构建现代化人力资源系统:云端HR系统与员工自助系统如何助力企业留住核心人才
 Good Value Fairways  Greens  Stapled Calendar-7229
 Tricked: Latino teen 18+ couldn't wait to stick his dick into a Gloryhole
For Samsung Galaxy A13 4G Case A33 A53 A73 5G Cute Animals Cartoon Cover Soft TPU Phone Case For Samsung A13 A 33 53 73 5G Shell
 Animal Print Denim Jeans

--

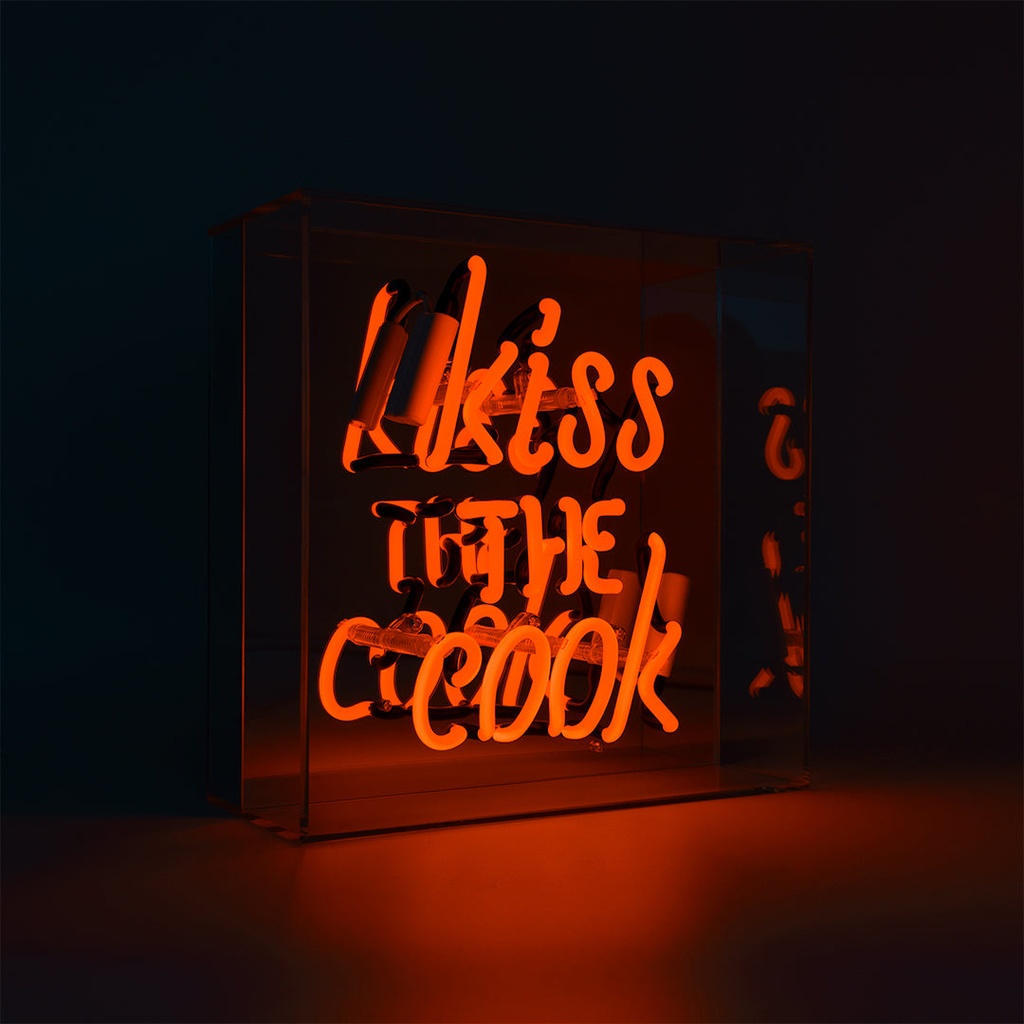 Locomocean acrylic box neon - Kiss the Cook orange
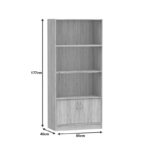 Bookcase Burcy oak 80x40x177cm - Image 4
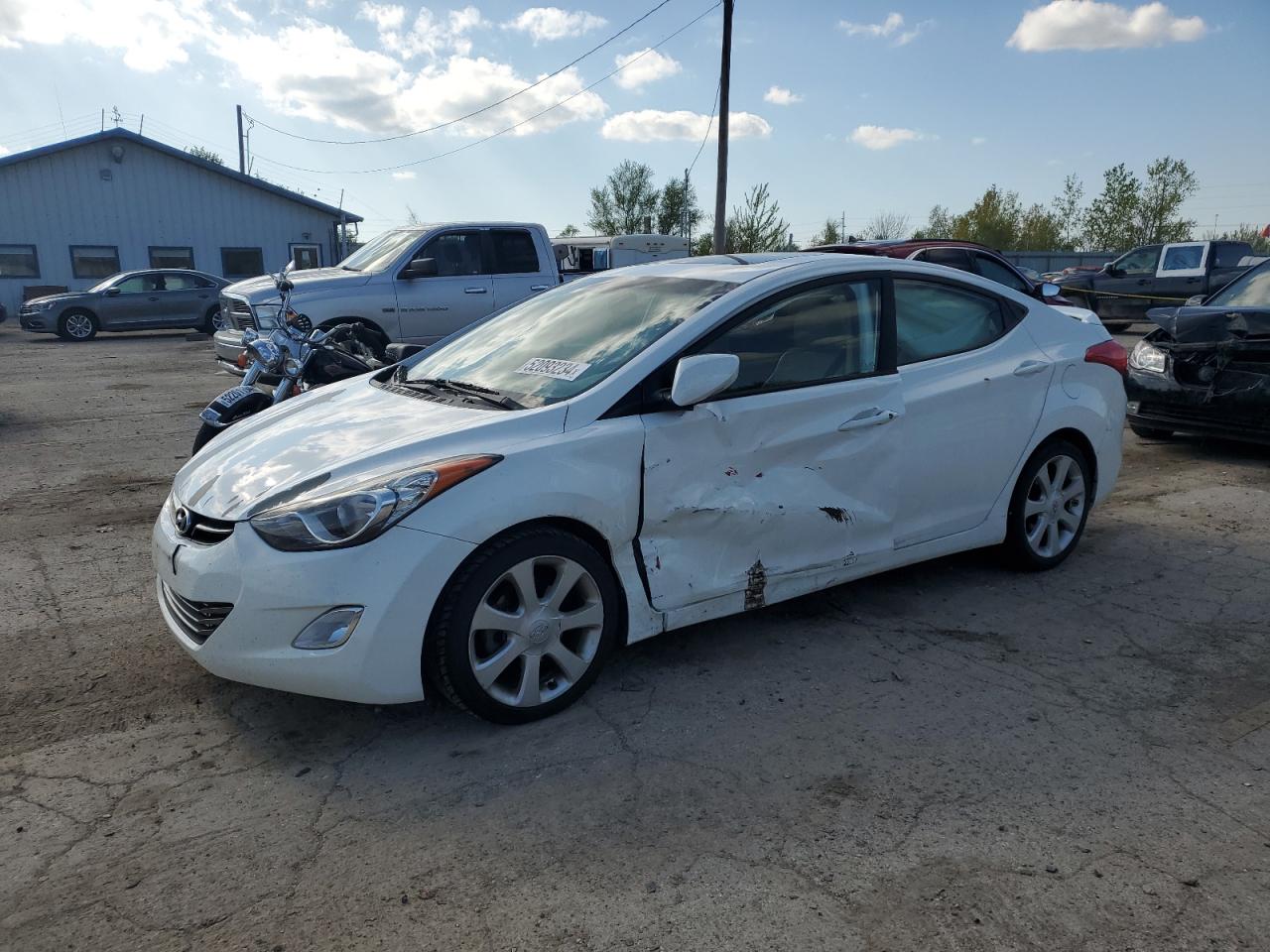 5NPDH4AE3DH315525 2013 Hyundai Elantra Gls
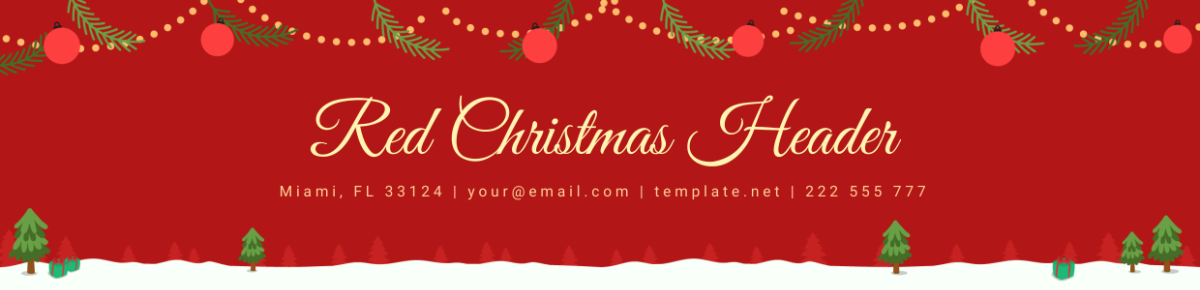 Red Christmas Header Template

==

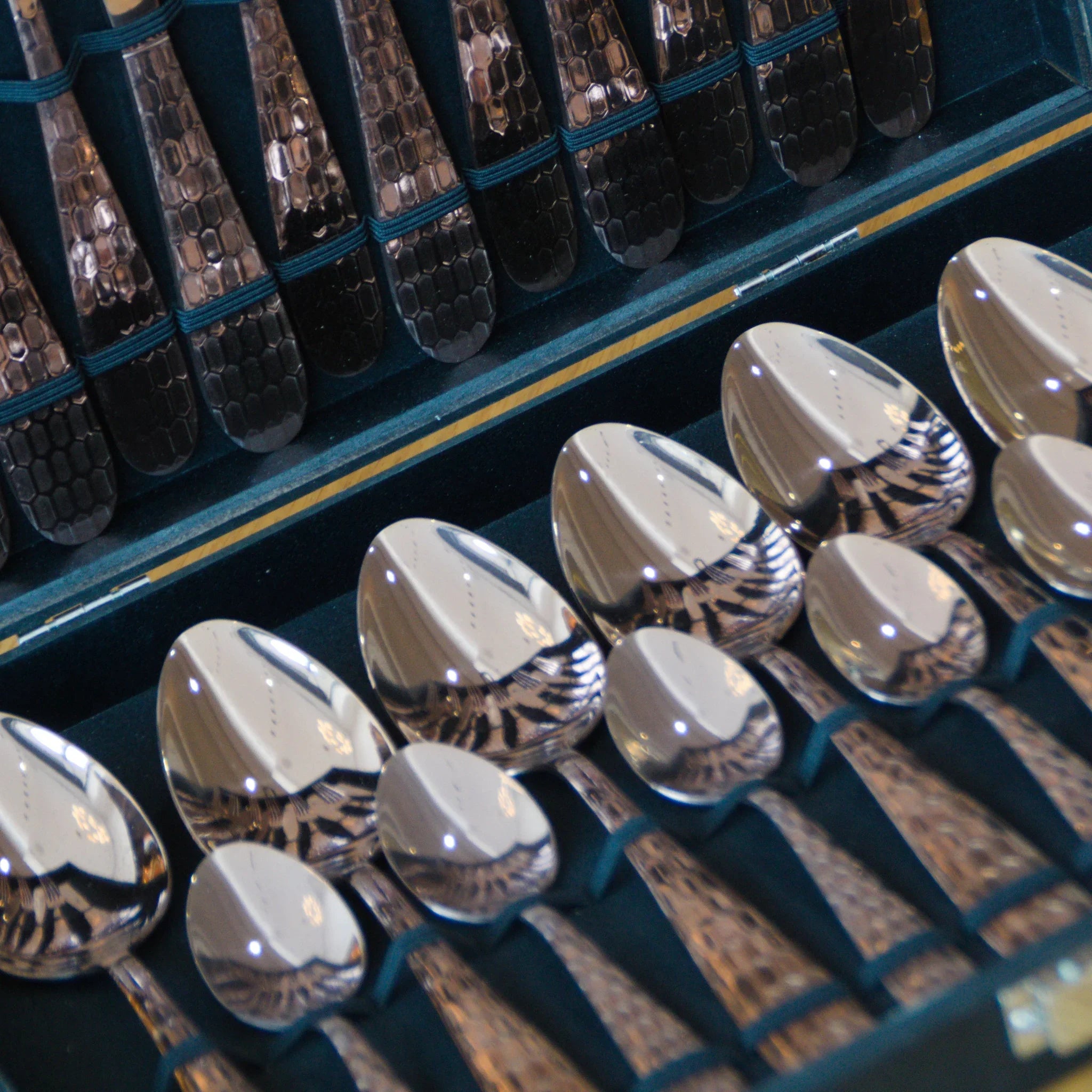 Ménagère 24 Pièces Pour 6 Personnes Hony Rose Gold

# To do
Reprint exactly the lines above that start at the one with "构建现代化人力资源系统:云端HR系统与员工自助系统如何助力企业留住核心人才" and end at the one with "Animal Print Denim Jeans", keeping both and adding none.

# Answer to this task
构建现代化人力资源系统:云端HR系统与员工自助系统如何助力企业留住核心人才
 Good Value Fairways  Greens  Stapled Calendar-7229
 Tricked: Latino teen 18+ couldn't wait to stick his dick into a Gloryhole
For Samsung Galaxy A13 4G Case A33 A53 A73 5G Cute Animals Cartoon Cover Soft TPU Phone Case For Samsung A13 A 33 53 73 5G Shell
 Animal Print Denim Jeans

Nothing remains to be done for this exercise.